The above clauses introduce various possible functionalities which do not apply to every HVDC
project mandatorily as a whole. It is the purchaser's task to select the appropriate
project-specific combination of functionalities. This document describes various possibilities;
however, it is important that project-specific needs be clearly defined by the purchaser. The
relationship between clauses and test phases is shown in Figure 1.
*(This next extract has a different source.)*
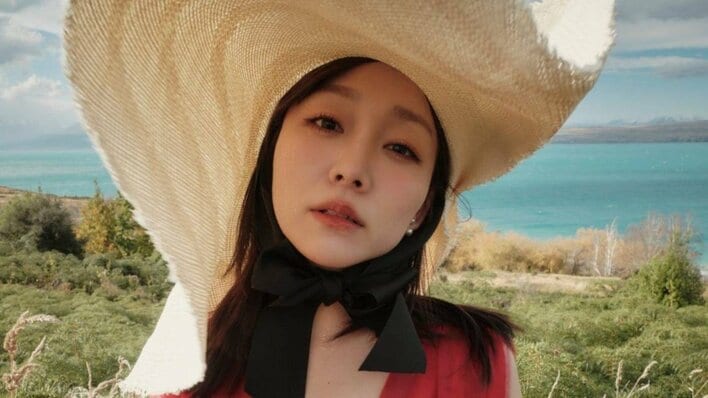 須田亜香里 大胆なVネック赤ドレス姿を披露！ヘルシーな色気と洗練された大人の雰囲気ただようショットに注目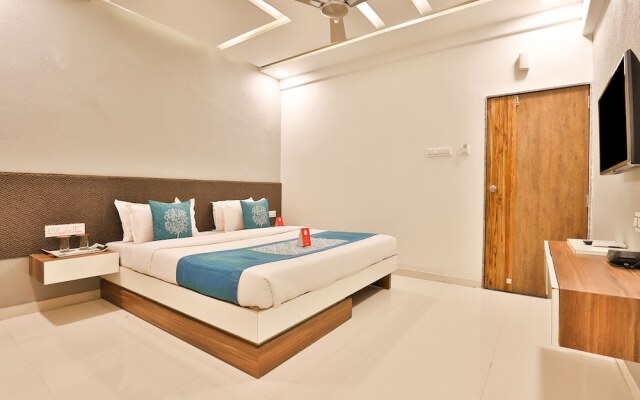 OYO 10749 Hotel Neelkanth Bliss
Figure 1 – Relationship between clauses and test phases

CONTROL AND PROTECTION SYSTEMS FOR HIGH-VOLTAGE DIRECT
CURRENT (HVDC) POWER TRANSMISSION SYSTEMS –
OFF-SITE REAL-TIME SIMULATION TESTING

1 Scope
This document provides guidance on off-site real-time simulation tests of control and protection
(C&P) systems for HVDC power transmission systems. The off-site real-time simulation tests
are carried out after the testing of C&P devices and prior to on-site system tests.
This document covers point-to-point, back-to-back, and multi-terminal HVDC systems of line
commutated converters (LCC), voltage-sourced converters (VSC) and hybrid HVDC
technologies.
In order to provide practical guidance for the functional performance tests of HVDC power
transmission systems, this document covers the test environment, the contents and methods of
functional performance tests, and the test report.
2 Normative references
There are no normative references in this document.
3 Terms and definitions
For the purposes of this document, the following terms and definitions apply.
ISO and IEC maintain terminology databases for use in standardization at the following
addresses:
• IEC Electropedia: available at https://www.electropedia.org/
• ISO Online browsing platform: available at https://www.iso.org/obp
3.1 Terms and definitions
3.1.1
control system delay
total time delay of the control link, including sampling delays, transmission delays and signal
processing time of all control devices
3.2 Abbreviated terms
C&P Control and protection
EHV Extra high voltage
EMT Electromagnetic transient
FPGA Field-programmable gate array
FPT Functional performance test
GRTS Ground return transfer switch
HIL Hardware in loop
HMI Human machine interface
HVDC High-voltage direct current

– 8 – IEC TR 63368:2024 © IEC 2024
IGBT Insulated-gate bipolar transistor
I/O Input / output
LCC Line-commutated converter
MMC Modular multilevel converter
MRTB Metallic return transfer breaker
MTDC Multi-terminal HVDC transmission system
RTS Real-time simulator/simulation
SCADA Supervisory control and data acquisition
SER Sequence of event recording / Sequence of event recorder
SM Sub-module
STATCOM Static synchronous compensator
SVC Static var compensator
TCSC Thyristor controlled series compensation
VDCOL Voltage dependent current order limitation
VSC Voltage-sourced converter
4 Test environment
4.1 General
The test environment is used for providing various power system conditions. The system
conditions are based on real-time simulation for testing the functionality including dynamic
behavior of an HVDC C&P system. It commonly includes RTS with models and delivered C&P
devices of a specific HVDC project.
4.2 Real-time simulator
4.2.1 General
RTS refers to real-time digital simulators based on electro-magnetic transient (EMT) algorithm.
RTS is used to model HVDC main circuits, adjacent AC system(s), and adjacent HVDC system(s)
as required by the purpose of the test, to connect actual C&P devices with simulation interfaces.
It runs models with sufficient simulation cycle time, stably and continuously, strictly in real-time
in every simulation time step.
4.2.2 Simulation interface devices
4.2.2.1 General
Simulation interface devices are used to connect C&P devices, with RTS for establishing
closed-loop HIL simulation systems. The protocols used for the communication among RTS,
the C&P devices and the simulation interface devices are dependent on the actual project and
type of simulator in use.
4.2.2.2 I/O interface devices
Simulation interface devices are used for establishing the I/O communications with RTS.
Generally, there are two types of interface techniques used for commercial RTS nowadays:
analog interface and digital interface.
1) Analog interface: the interface connections are performed through wires connected to the
I/O interface cards of RTS.
2) Digital interface: the interface connections are performed through digital system buses, and
in most of the applications, physically established via optical fibers.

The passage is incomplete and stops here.